Ditto with these card draws. Most of the time, there’s a clear plan. Four HP needed to kill that monster? If I get my four, well, that’s what I expected, so toss the Charmin in the basket and don’t give it another thought. If I get five or six or eight damage, well, who needs all that extra toilet paper? Whatever. But a three? That’s SOL with no toilet paper, and you better believe I will be remembering that.

Pretty much.

Crits and Misses get seen the most because unlike everything else they immediately get shuffled back in as well. So if your odds of drawing a Miss are 1 in 15 and you draw one, the odds of the next draw being a Miss is 1 in 15 again. If you’d drawn your only +2, well now it’s in your discard pile. Your odds are now: never. You probably wont shuffle it back in for the next 7-8 draws. Then it will go back to 1 in 15 again.

If you’ve thinned your deck down to 10 cards, that Miss is gonna make a lot of appearances.

Looks like many of the changes that people hoped for here are going to be implemented soon. Including rebalanced and persistent enhancements. Some of the frosthaven rule modifications are also coming.

Well shit, now I don’t wanna play again until that’s live.
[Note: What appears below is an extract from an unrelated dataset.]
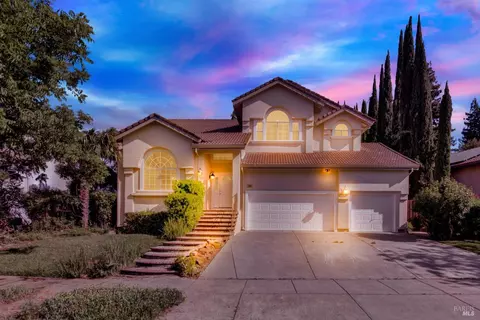 Exterior - 2156 Fox Glen Dr, Fairfield, CA 94534 photo 2 of 16
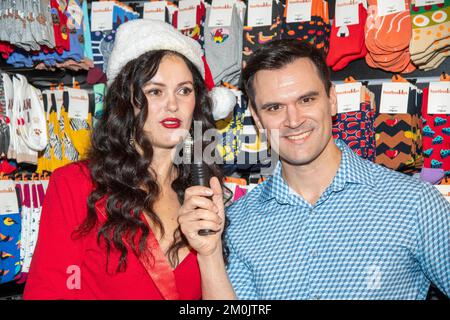 Natasha Blasick, Kash Hovey assister à la Fondation Christy célèbre le « Season of Giving » sponsorisé par Footbuddys au Topanga Mall, Los Angeles, CA 5 décembre 2022 Banque D'Images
Except to sell all my enhancements before the prices change so I can have more of them.

why is that guy making that face

I feel validated, and also chuckling remembering when a dev in Discord told me some 6-8 months ago that this was impossible to do and to suck it up.

That’s like a wishlist of changes for me. I’m putting this on hold until the update drops!

On Discord?! It’s in the “Launch Day FAQ!”

How different is Gloomhaven Digital from the original board game?

A 1:1 adaptation was both not possible or desirable

They should call the next update “THE NOT POSSIBLE OR DESIRABLE UPDATE”

Are you (both) talking about permanent enhancements? Granted, my experience as a software engineer is pretty far from designing games, but I can’t possibly imagine how it would not be possible to make enhancements permanent.

I completely missed this yesterday - do you want to put our co-op game on hold until this goes live, other than maybe refunding the recent enchantments we both made?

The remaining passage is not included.